[Opening RECORDS SUPPLIED section]
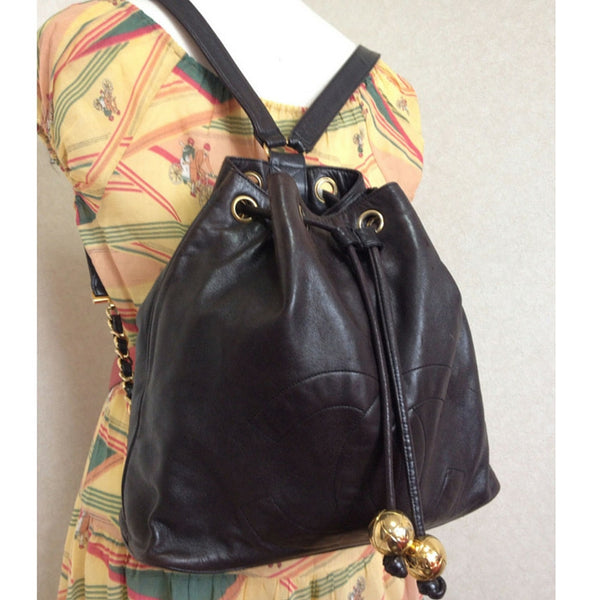 CHANEL Black Vintage Suede CC Chain Bucket Backpack Shoulder Bag -  MyDesignerly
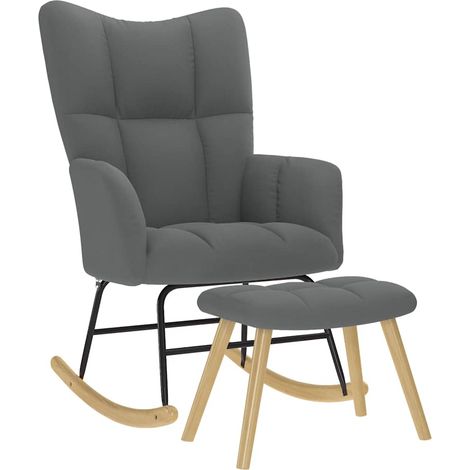 vidaXL Chaise à bascule avec repose-pied Gris foncé Tissu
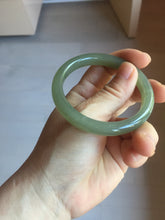 Load image into Gallery viewer, 53.1mm Certified 100% Natural light green gray black Nephrite Bangle HN144-6929
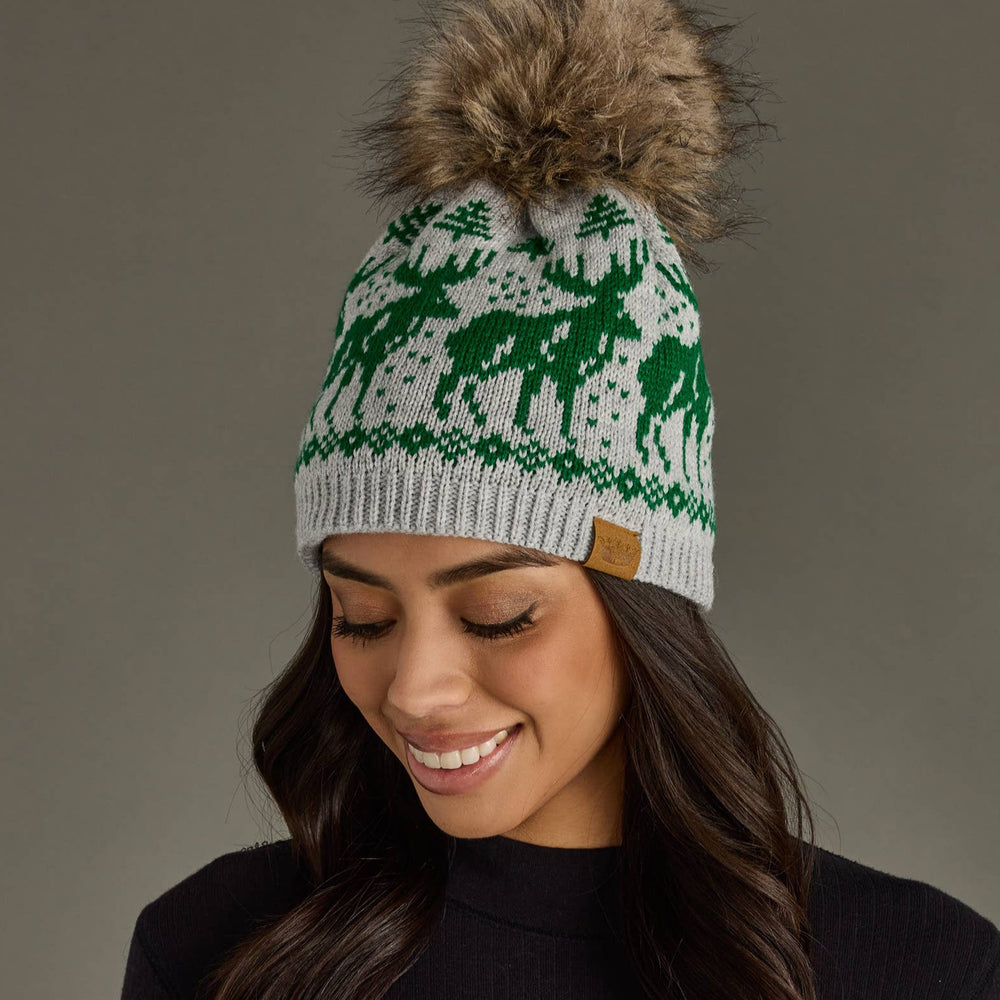 Lt. Gray & Green Reindeer Pom Pom Hat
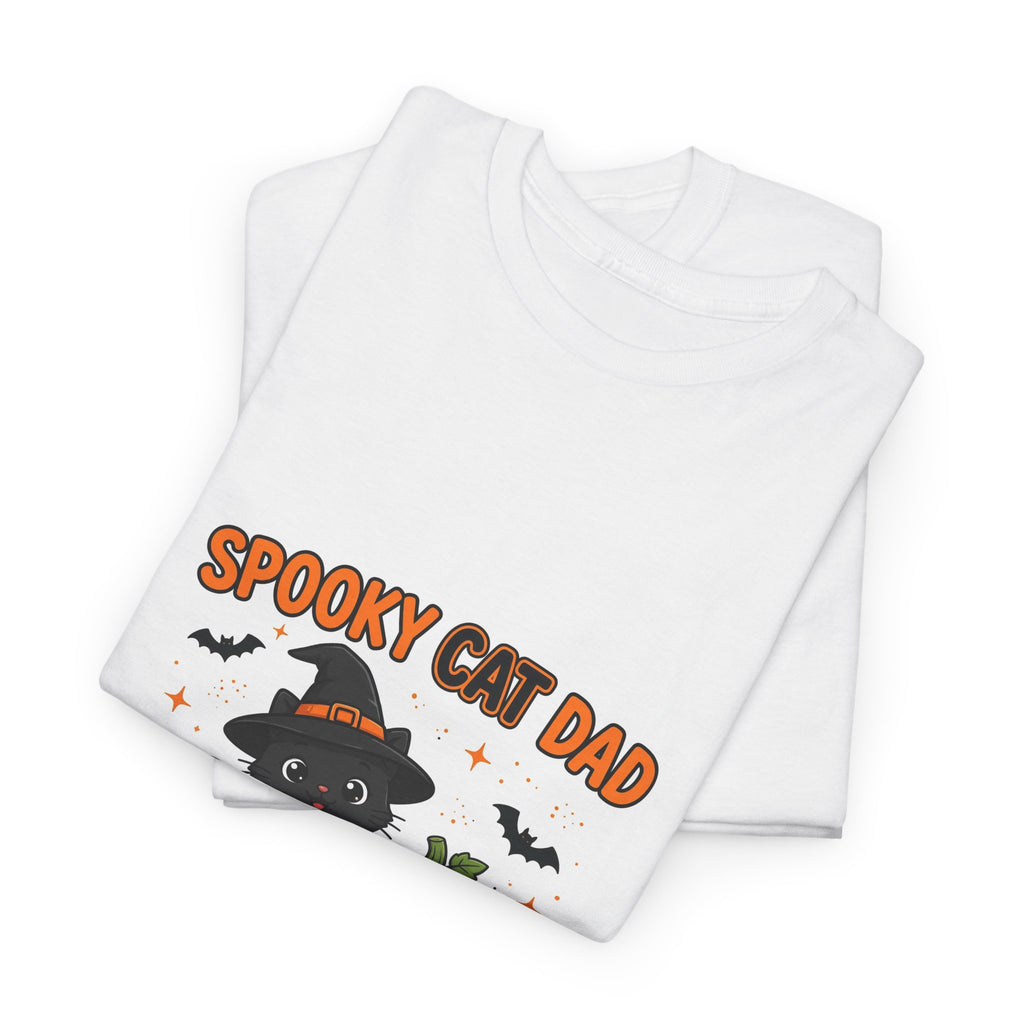 Spooky Cat Dad Halloween T-Shirt - Funny Witch Cat Tee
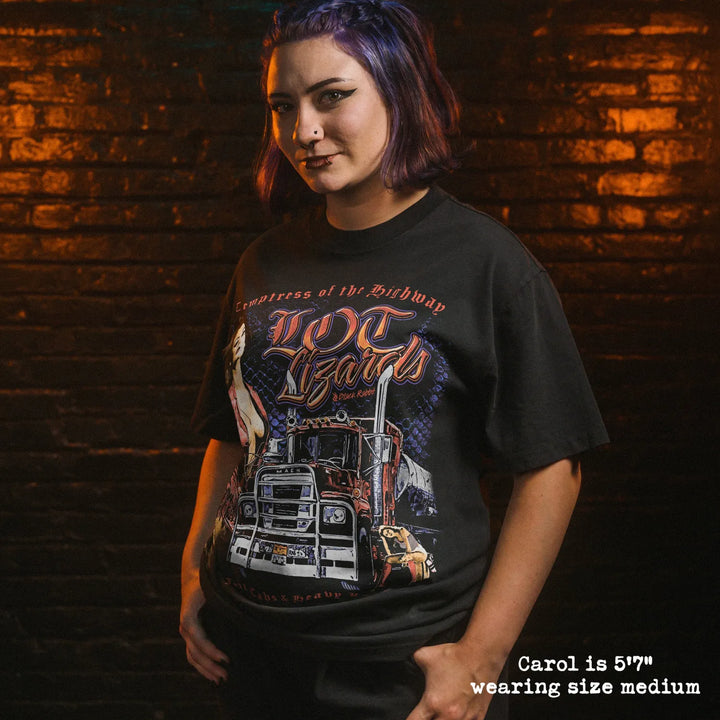 Model wearing heavy tee with lot lizards graphic 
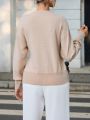 SHEIN Privé Round Neck Solid Color Drop Shoulder Hollow Out Split Sweater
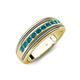 4 - Zaid 0.50 ctw (2.40 mm) Round Blue Diamond Two Toned and High Polished Edges Men Wedding Band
[Closing RECORDS SUPPLIED section]
* **WORK REQUEST**: Go through the data above and print exactly the lines from its first line through the line holding "Lt. Gray & Green Reindeer Pom Pom Hat", both included, leaving pictures aside.

* **WRITTEN SOLUTION**:
 CHANEL Black Vintage Suede CC Chain Bucket Backpack Shoulder Bag -  MyDesignerly
 vidaXL Chaise à bascule avec repose-pied Gris foncé Tissu
 Load image into Gallery viewer, 53.1mm Certified 100% Natural light green gray black Nephrite Bangle HN144-6929
 Lt. Gray & Green Reindeer Pom Pom Hat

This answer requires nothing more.